Die Armut stellt für die Christen eine Herausforderung dar, aber auch für alle, die in der Gesellschaft Verantwortung tragen. Ich fordere daher die Staats- und Regierungschefs auf, auf den Schrei der Ärmsten zu hören. Es kann keinen Frieden ohne Gerechtigkeit geben. Daran erinnern uns die Armen auf vielfältige Weise: mit ihrer Migration ebenso wie mit ihrem Schrei, der so oft vom Mythos des Wohlstands und des Fortschritts erstickt wird, der nicht alle berücksichtigt, ja viele Geschöpfe vergisst und sie ihrem Schicksal überlässt.

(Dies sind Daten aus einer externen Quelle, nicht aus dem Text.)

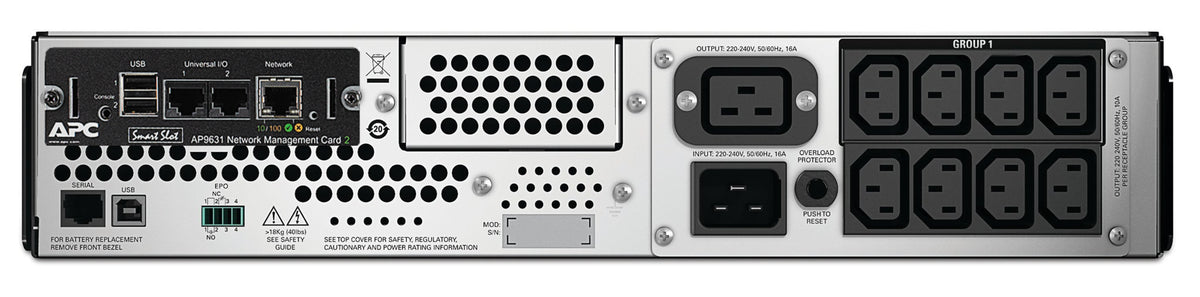 APC Smart-UPS 3000VA sistema de alimentación ininterrumpida (UPS) Línea interactiva 3 kVA 2700 W 9 salidas AC (3)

Den Mitarbeitern der Hilfsorganisationen, den vielen freiwilligen Helfern und all jenen, die sich für die Linderung der Not der Ärmsten einsetzen, spreche ich meinen Dank aus und ermutige ich sie zugleich, mehr und mehr zu einem kritischen Gewissen in der Gesellschaft zu werden. Ihr wisst sehr gut, dass die Frage der Armen zum Wesentlichen unseres Glaubens zurückführt, dass sie für uns das Fleisch Christi sind und nicht nur eine soziologische Kategorie (vgl. Dilexi te, 110). »Wie eine Mutter begleitet die Kirche [deshalb] alle, die unterwegs sind. Wo die Welt Bedrohungen sieht, sieht sie Kinder; wo Mauern errichtet werden, baut sie Brücken« (ebd., 75).
Bringen wir uns alle ein. Wie der Apostel Paulus den Christen in Thessaloniki schreibt (vgl. 2 Thess 3,6-13), dürfen wir in der Erwartung der glorreichen Wiederkunft des Herrn nicht ein selbstbezogenes und rein innerliches Leben führen, das dazu führt, dass wir uns von anderen und von der Geschichte abwenden. Im Gegenteil, zur Suche nach dem Reich Gottes gehört der Wunsch, das menschliche Zusammenleben in einen Raum der Geschwisterlichkeit und der Würde für alle zu verwandeln, der niemanden ausschließt. Es besteht immer die Gefahr, dass wir wie unachtsame Reisende leben, die ihr endgültiges Ziel aus den Augen verlieren und sich nicht für diejenigen interessieren, die zusammen mit uns unterwegs sind.
Lassen wir uns bei dieser Heilig-Jahr-Feier der Armen vom Zeugnis der heiligen Männer und Frauen inspirieren, die Christus durch ihr Wirken für die Ärmsten gedient haben und ihm auf dem Weg der Niedrigkeit und der Entäußerung nachgefolgt sind. Insbesondere möchte ich die Gestalt des heiligen Benedikt Joseph Labre hervorheben: Sein Leben als „Vagabund Gottes“ weist die Merkmale auf, die ihn zum Patron aller obdachlosen Armen machen. Möge die Jungfrau Maria, die uns im Magnificat beständig an Gottes Entscheidungen erinnert und denen eine Stimme verleiht, die keine Stimme haben, uns helfen, in die neue Logik des Reiches Gottes hineinzufinden, damit die Liebe Gottes, die annimmt, vergibt, Wunden verbindet, tröstet und heilt, in unserem Christenleben immer präsent ist.